Definition
In short, a Data Mesh is a framework and architecture for delivering data products as a service, supporting federated, domain-driven uses and users, and enabling decentralized insights created from centralized infrastructure configured to deliver data product components as microservices supported by governance.
It is important to note that “data mesh” is not the same as “data fabric.” “Data fabric” and “data mesh” often compete for mindshare, but Gartner defined the two as distinctly different in late 2021, stating that:
“A data fabric is the utilization of multiple existing technologies in combination to enable a metadata-driven implementation and augmented orchestration design.

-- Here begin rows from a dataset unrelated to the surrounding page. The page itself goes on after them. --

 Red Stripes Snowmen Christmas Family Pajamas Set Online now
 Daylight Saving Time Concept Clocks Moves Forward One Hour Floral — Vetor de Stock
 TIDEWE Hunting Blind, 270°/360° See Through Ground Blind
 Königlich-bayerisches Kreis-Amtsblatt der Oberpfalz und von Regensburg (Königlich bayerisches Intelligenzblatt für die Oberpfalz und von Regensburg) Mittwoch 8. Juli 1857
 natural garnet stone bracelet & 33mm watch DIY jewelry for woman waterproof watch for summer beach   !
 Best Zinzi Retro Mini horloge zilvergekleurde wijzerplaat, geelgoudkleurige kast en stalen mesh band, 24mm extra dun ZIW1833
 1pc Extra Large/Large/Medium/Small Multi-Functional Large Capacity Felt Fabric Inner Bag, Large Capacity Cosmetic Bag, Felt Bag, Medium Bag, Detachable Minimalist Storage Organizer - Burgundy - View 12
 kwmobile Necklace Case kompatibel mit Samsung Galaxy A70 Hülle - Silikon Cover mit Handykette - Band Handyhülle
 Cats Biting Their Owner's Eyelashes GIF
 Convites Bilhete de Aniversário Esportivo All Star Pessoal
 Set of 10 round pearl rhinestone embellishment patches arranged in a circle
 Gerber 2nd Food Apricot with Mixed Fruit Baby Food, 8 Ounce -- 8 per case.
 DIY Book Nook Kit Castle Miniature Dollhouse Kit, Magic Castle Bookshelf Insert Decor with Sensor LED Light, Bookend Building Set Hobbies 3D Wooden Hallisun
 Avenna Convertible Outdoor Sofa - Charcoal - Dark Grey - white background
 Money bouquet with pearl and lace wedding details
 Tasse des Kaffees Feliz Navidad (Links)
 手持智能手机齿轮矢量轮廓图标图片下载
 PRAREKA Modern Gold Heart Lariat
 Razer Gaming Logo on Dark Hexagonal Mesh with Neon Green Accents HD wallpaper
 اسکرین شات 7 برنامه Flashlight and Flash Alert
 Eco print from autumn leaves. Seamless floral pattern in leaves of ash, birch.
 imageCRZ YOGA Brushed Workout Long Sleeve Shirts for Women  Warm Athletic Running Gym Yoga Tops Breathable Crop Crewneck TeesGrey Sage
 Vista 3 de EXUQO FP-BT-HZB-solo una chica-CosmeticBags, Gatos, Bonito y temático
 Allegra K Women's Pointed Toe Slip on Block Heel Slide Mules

A data mesh is a solution architecture that can guide design within a technology-agnostic framework.”
To make matters more confusing, we see different segments of the data and analytics market each putting its own spin on the concept of data mesh. Since there isn’t a singular definition yet, let’s cover a few of the different ways that organizations choose to describe and operationalize the data mesh.
Varying definitions of data mesh from different layers of the modern data stack:
- Data Virtualization companies tend to define data mesh as a virtualization process, as in creating something that looks similar to data federation. In practice, this means different business units build analytics programs on physically disparate data sources and then centrally manage a virtualization solution that enables queries across hybrid and multiple cloud infrastructures.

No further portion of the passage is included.